See Slope and Bias Scaling for more information.

Best precision

If you select this mode, the block scales a constant vector or matrix such that the precision of its elements is maximized. This mode is available only for particular blocks.

See Constant Scaling for Best Precision for more information.

Calculate Best-Precision Scaling

The Fixed-Point Designer software can automatically calculate "best-precision" values for both Binary point and Slope and bias scaling, based on the values that you specify for other parameters on the dialog box. To calculate best-precision-scaling values automatically, enter values for the block's Output minimum and Output maximum parameters. Afterward, click the Calculate Best-Precision Scaling button in the assistant.

Rounding

You specify how fixed-point numbers are rounded with the Integer rounding mode parameter. The following rounding modes are supported:

  • Ceiling — This mode rounds toward positive infinity and is equivalent to the MATLAB® ceil function.

  • Convergent — This mode rounds toward the nearest representable number, with ties rounding to the nearest even integer. Convergent rounding is equivalent to the Fixed-Point Designer convergent function.

  • Floor — This mode rounds toward negative infinity and is equivalent to the MATLAB floor function.

  • Nearest — This mode rounds toward the nearest representable number, with the exact midpoint rounded toward positive infinity. Rounding toward nearest is equivalent to the Fixed-Point Designer nearest function.

  • Round — This mode rounds to the nearest representable number, with ties for positive numbers rounding in the direction of positive infinity and ties for negative numbers rounding in the direction of negative infinity. This mode is equivalent to the Fixed-Point Designer round function.

  • Simplest — This mode automatically chooses between round toward floor and round toward zero to produce generated code that is as efficient as possible.

  • Zero — This mode rounds toward zero and is equivalent to the MATLAB fix function.

For more information about each of these rounding modes, see Rounding.

Overflow Handling

To control how overflow conditions are handled for fixed-point operations, use the Saturate on integer overflow check box.

If this box is selected, overflows saturate to either the maximum or minimum value represented by the data type.
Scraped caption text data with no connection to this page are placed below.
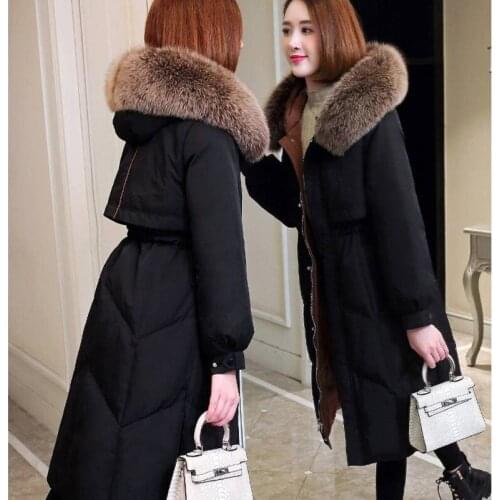 Fashion Winter Jacket Women Big Fur Hooded Thick Down Parkas X-Long Female Jacket Coat Slim Warm Winter Outwear 2020 Spring New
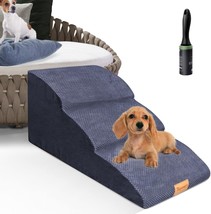 AAA High Density Extended Foam Dog Ramp&amp;Steps 3 Tiers,15.7 High,Non-Slip Dog - £45.98 GBP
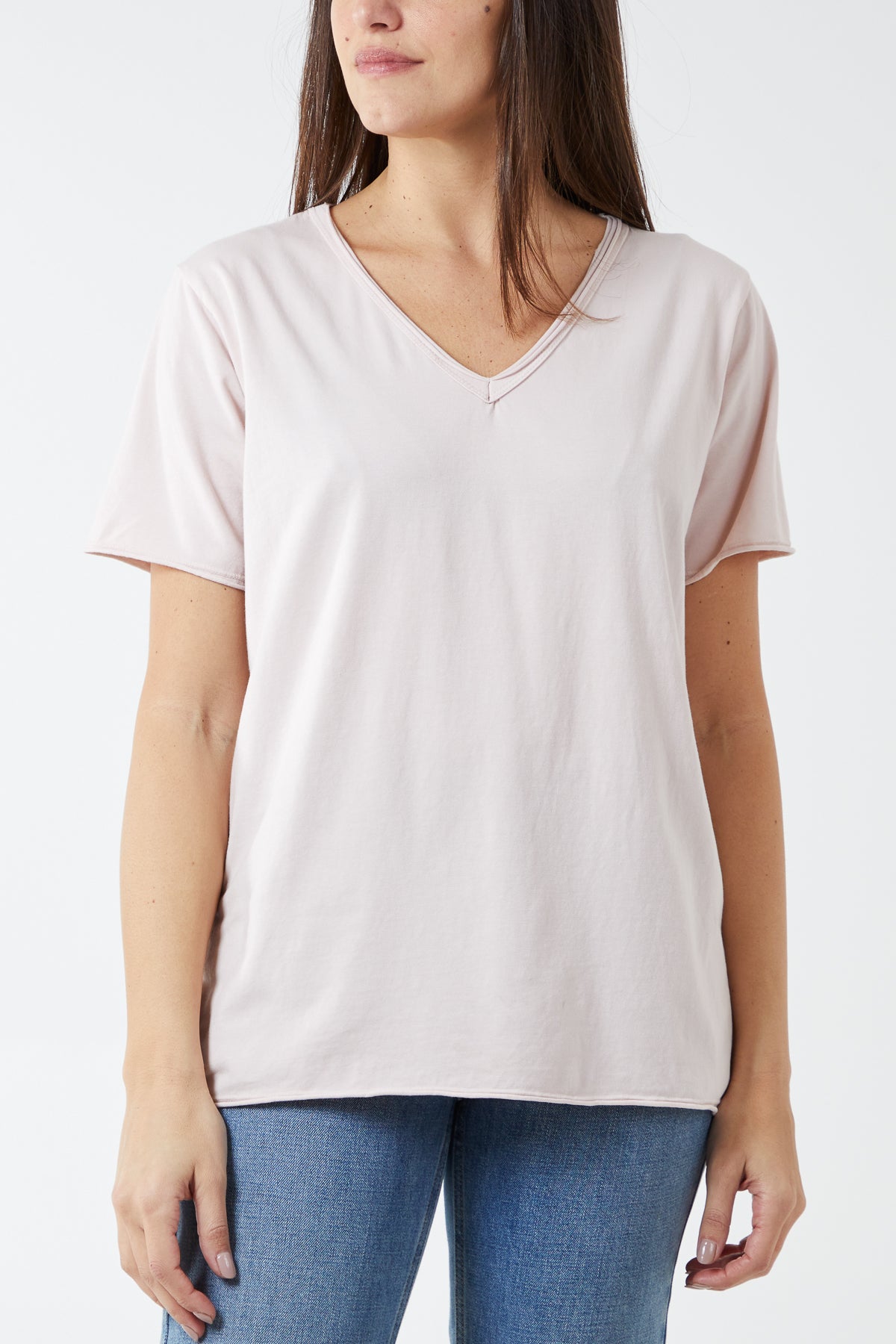 V-Neck Raw Edge T-shirt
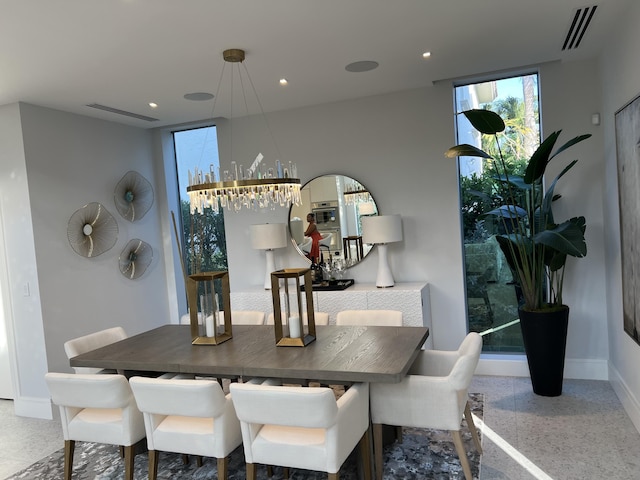 dining area featuring recessed lighting, visible vents, baseboards, and speckled floor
For example, an overflow associated with a signed 8-bit integer can saturate to -128 or 127.

If this box is not selected, overflows wrap to the appropriate value that is representable by the data type. For example, the number 130 does not fit in a signed 8-bit integer, and would wrap to -126.
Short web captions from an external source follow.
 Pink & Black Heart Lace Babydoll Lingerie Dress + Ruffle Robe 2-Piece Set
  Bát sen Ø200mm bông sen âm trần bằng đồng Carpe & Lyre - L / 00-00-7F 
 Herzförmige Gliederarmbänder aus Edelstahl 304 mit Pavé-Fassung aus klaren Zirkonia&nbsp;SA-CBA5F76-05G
Lock the Output Data Type Setting

If the output data type is a generalized fixed-point number, you have the option of locking its output data type setting by selecting the Lock output data type setting against changes by the fixed-point tools check box.

When locked, the Fixed-Point Tool and automatic scaling script autofixexp do not change the output data type setting. Otherwise, the Fixed-Point Tool and autofixexp script are free to adjust the output data type setting.
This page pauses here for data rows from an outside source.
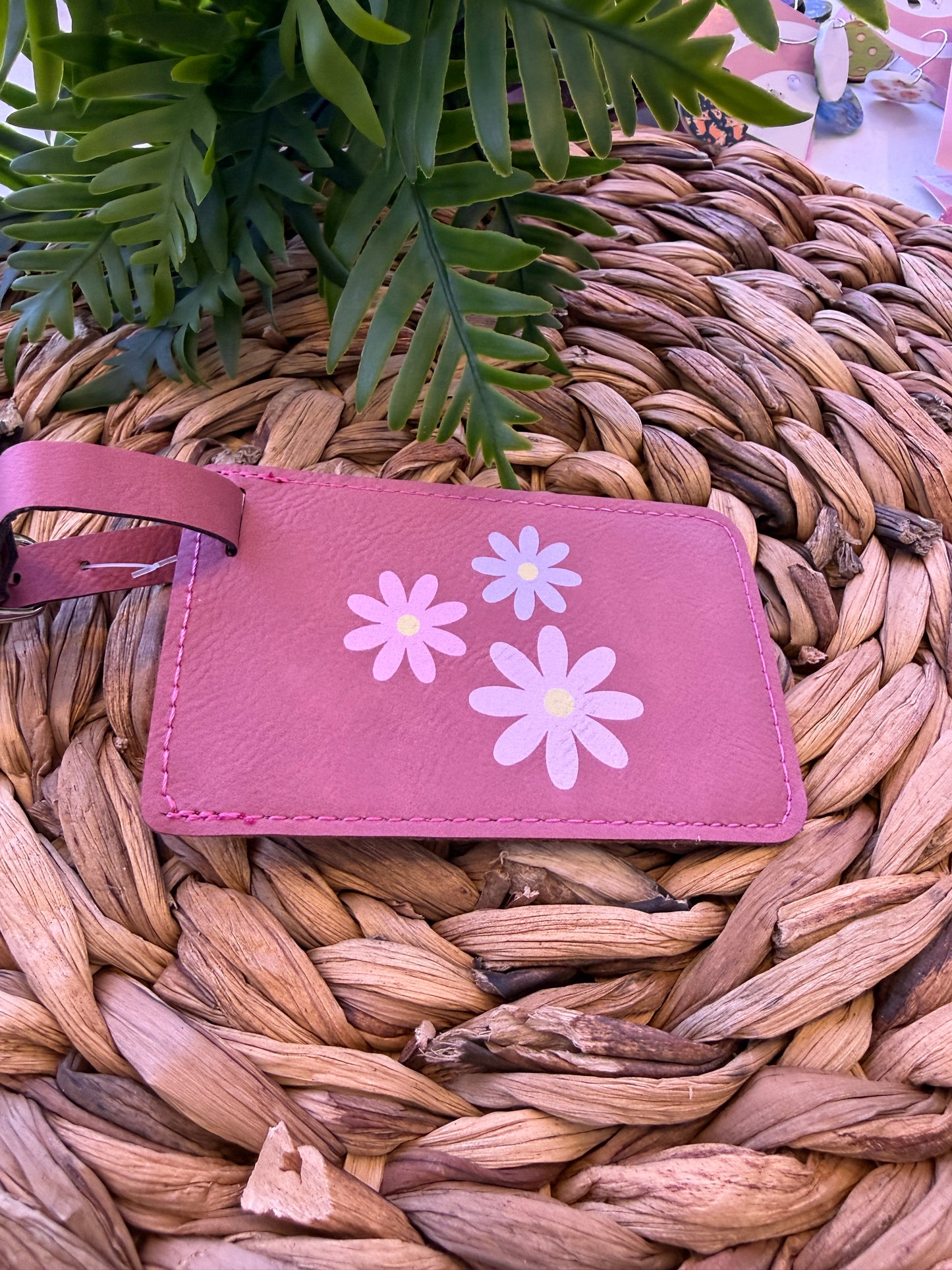 UV Printed Tri-Floral Luggage Tag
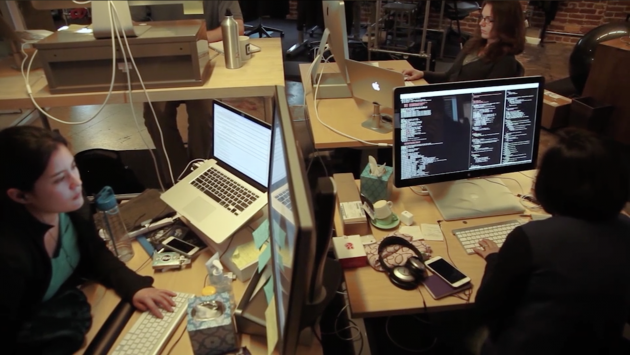 Engineers working in the Quip office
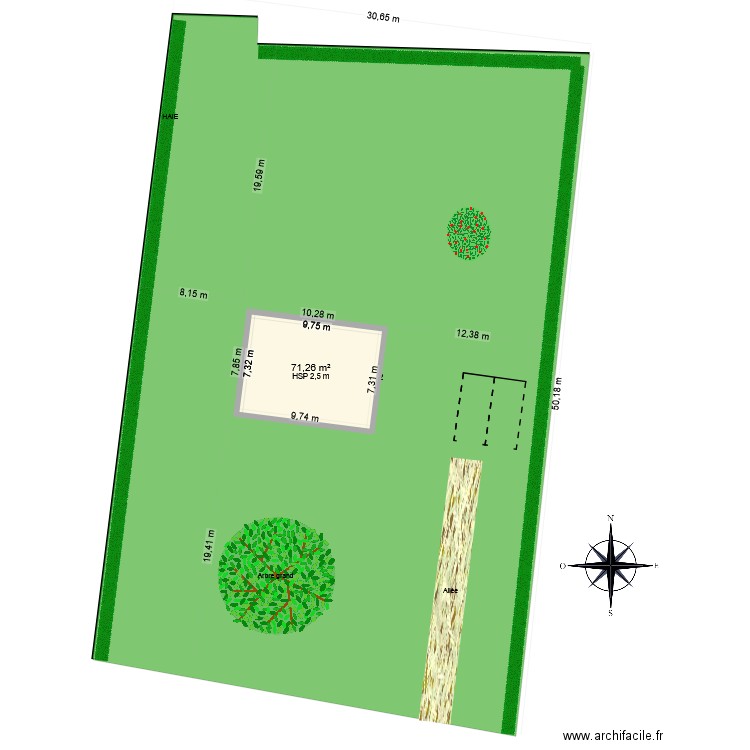 plan de masse 1. Plan de 1 pièce et 71 m2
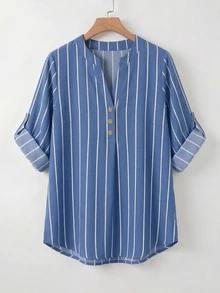EMERY ROSE Plus Size Women's Striped Top And Pants Casual Daily 2 Pieces Set - Multicolor - View 3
Real-World Values Versus Stored Integer Values

You can configure Data Type Conversion blocks to treat signals as real-world values or as stored integers with the Input and output to have equal parameter.

The possible values are Real World Value (RWV) and Stored Integer (SI).

In terms of the variables defined in Scaling, the real-world value is given by V and the stored integer value is given by Q. You may want to treat numbers as stored integer values if you are modeling hardware that produces integers as output.